Gerald R. Ford photo

Remarks Upon Presenting the Department of Defense Medal for Distinguished Public Service

March 29, 1976

Secretary Rumsfeld, honored Ambassadors, distinguished guests, ladies and gentlemen:

I greatly welcome the opportunity to join you here today in honoring these three outstanding men who have served as their countries' representatives the North Atlantic Council--Ambassador de Staercke of Belgium, Ambassador de Rose of France, and Ambassador Bruce of the United States.

In paying this tribute we reaffirm our commitment to our defense, to our way of life, and to the cause of freedom everywhere. This is the responsibility of all of the nations of the North Atlantic alliance and, most particularly, it is the responsibility of the world's most powerful country, the United States.

In this American Bicentennial Year we are reminded of our duty to safeguard the heritage of democracy and of liberty. If we fail, there is no one to take our place.

Over the past year, it has been my privilege to meet, both in Washington and in Brussels, with the Ambassadors that we honor here today. I have found a very remarkable new unity among all the nations of the alliance on political developments in Europe and on the continuing responsibilities of collective defense. Each of the men we honor has given more than his full measure of clear-sighted and dedicated service that we are all called upon to show.

Ambassador de Staercke has given more than 25 years of service to NATO, spanning the service of 10 U.S. Ambassadors, and making in the truest sense of the word a lasting contribution to the solidarity of the West. I would note that our ties with Belgium bilaterally and in the alliance are truly outstanding.

The strength and the durability of our ties are expressed in special measure by one of the countries represented here today. France is our oldest ally, and in our Bicentennial Year it is with special warmth that we reaffirm the closeness of the United States' relations with France.

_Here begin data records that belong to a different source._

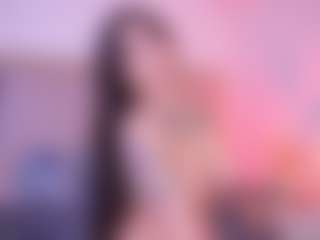 zoe-cruz21's Live Sex Cam Show
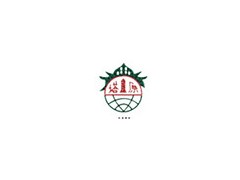 塔原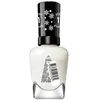 Image de Vernis à ongles Sally Hansen  Vernis À Ongles Miracle Gel Holiday 917-holiday Snow Day P32534374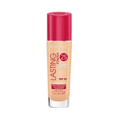 Rimmel Lasting Finish Foundation- Soft Beige 034-200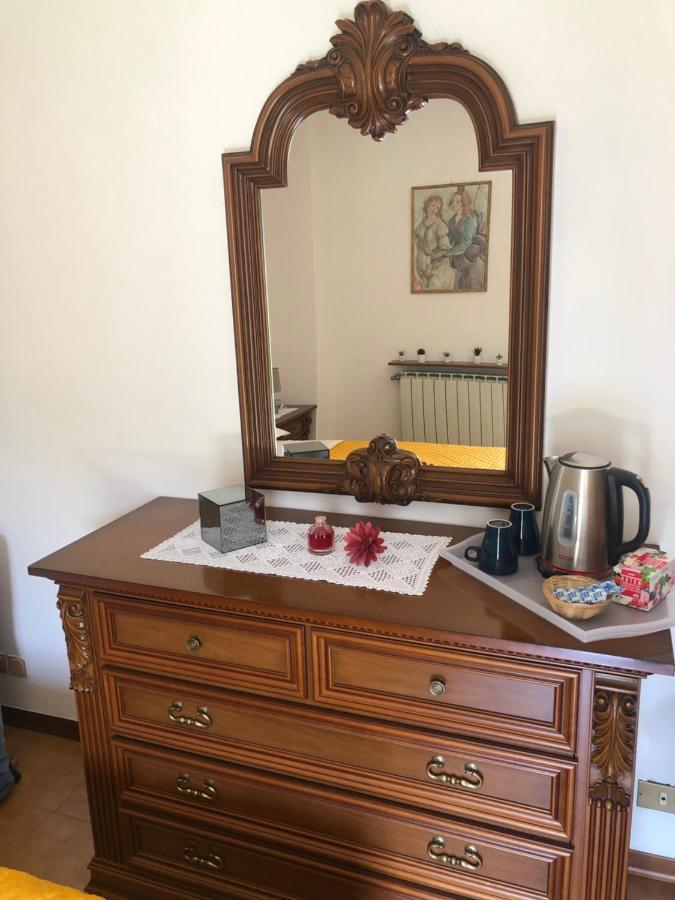 Casa Tiziana Villa Lavena Ponte Tresa Dış mekan fotoğraf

Ambassador de Rose, in a long and distinguished diplomatic career, has earned an enviable reputation for the skill with which he has represented France, whose role is so important to the security and well-being of the West. I know from Secretaries Kissinger and Rumsfeld that Ambassador de Rose's analytical powers and eloquence enlivened and dignified the deliberations of the North Atlantic Council and were a source of much wisdom.

A little more than a month ago it was my pleasure to confer the highest civilian award of the United States, the Medal of Freedom with Distinction, on David Bruce.1 His outstanding service over half a century of public life has been a unique contribution to American diplomacy and Atlantic unity that will never be equaled.

What we should do and what we must do to honor these men today, in a truly meaningful way, is to ensure that we maintain our strength and that with that strength we safeguard the peace and defend the values that have made our societies great and produced men such as these.

In the final analysis, the success of our diplomacy for peace depends upon our strength. The world's security depends upon our knowledge, and the world's knowledge that we are strong and prepared to defend ourselves when challenged.

Our adversaries know that the military strength of the United States is unsurpassed anywhere in the world today. They know that the United States' is committed to a strong and powerful alliance in Europe, but they also know that the trend of relative military strength has been changing over the past decade and more. We remain unsurpassed and we shall keep it that way. That is why we must not only persevere in seeking greater stability in the world but we must also be willing to spend greater amounts on our own defenses in the United States.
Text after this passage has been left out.